Comment author: capybaralet 08 April 2018 02:25:11PM 0 points [-]

Based on the report [1], it's a bit misleading to say that they are a charity doing $35 cataracts. The report seems pretty explicit that donations to the charity are used for other activities.

Comment author: John_Maxwell_IV 28 September 2017 10:04:03AM *  20 points [-]

In Tetlock's book Superforecasting, he distinguishes between two skills related to forecasting: generating questions, and answering them. This "disentanglement research" business sounds more like the first sort of work. Unfortunately, Tetlock's book focuses on the second skill, but I do believe he talks some about the first skill (e.g. giving examples of people who are good at it).

I would imagine that for generating questions, curiosity and creativity are useful. Unfortunately, the Effective Altruism movement seems to be bad at creativity.

John Cleese gave this great talk about creativity in which he distinguishes between two mental modes, "open mode" and "closed mode". Open mode is good for generating ideas, whereas closed mode is good for accomplishing well-defined tasks. It seems to me that for a lot of different reasons, the topic of AI strategy might put a person in closed mode:

  • Ethical obligation - Effective altruism is often framed as an ethical obligation. If I recall correctly, a Facebook poll indicated that around half of the EA community sees EA as more of an obligation than an opportunity. Obligations don't typically create a feeling of playfulness.

  • Size of the problem - Paul Graham writes: "Big problems are terrifying. There's an almost physical pain in facing them." AI safety strategy is almost the biggest problem imaginable.

  • Big names - People like Nick Bostrom, Eliezer Yudkowsky, and Eric Drexler have a very high level of prestige within the EA community. (The status difference between them and your average EA is greater than what I've observed between the students & the professor in any college class I remember taking.) Eliezer in particular can get very grumpy with you if you disagree with him. I've noticed that I'm much more apt to generate ideas if I see myself as being at the top of the status hierarchy, and if there is no penalty for coming up with a "bad" idea (even a bad idea can be a good starting point). One idea for solving the EA community's creativity problem is to encourage more EAs to develop Richard Feynman-level indifference to our local status norms.

  • Urgency - As you state in this post, every second counts! Unfortunately urgency typically has the effect of triggering closed mode.

  • Difficulty - As you state in this post, many brilliant people have tried & failed. For some people, this fact is likely to create a sense of intimidation which precludes creativity.

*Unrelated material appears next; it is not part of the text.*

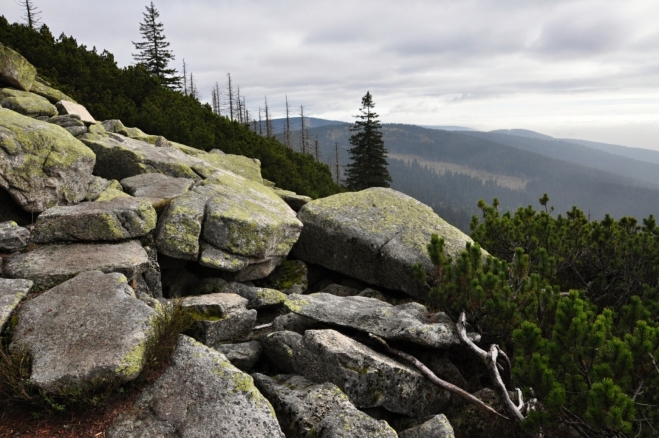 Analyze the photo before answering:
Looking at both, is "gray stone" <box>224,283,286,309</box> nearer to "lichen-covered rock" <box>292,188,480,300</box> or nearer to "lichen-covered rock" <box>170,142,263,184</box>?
"lichen-covered rock" <box>292,188,480,300</box>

For curiosity, one useful exercise I've found is Anna Salamon's practice of setting a 7-minute timer and trying to think of as many questions as possible within that period. The common pattern here seems to be "quantity over quality". If you're in a mental state where you feel a small amount of reinforcement for a bad idea, and a large amount of reinforcement for a good idea, don't be surprised if a torrent of ideas follows (some of which are good).

Another practice I've found useful is keeping a notebook. Harnessing "ambient thought" and recording ideas as they come to me, in the appropriate notebook page, seems to be much more efficient on a per-minute basis than dedicated brainstorming.

If I was attacking this problem, my overall strategic approach would differ a little from what you are describing here.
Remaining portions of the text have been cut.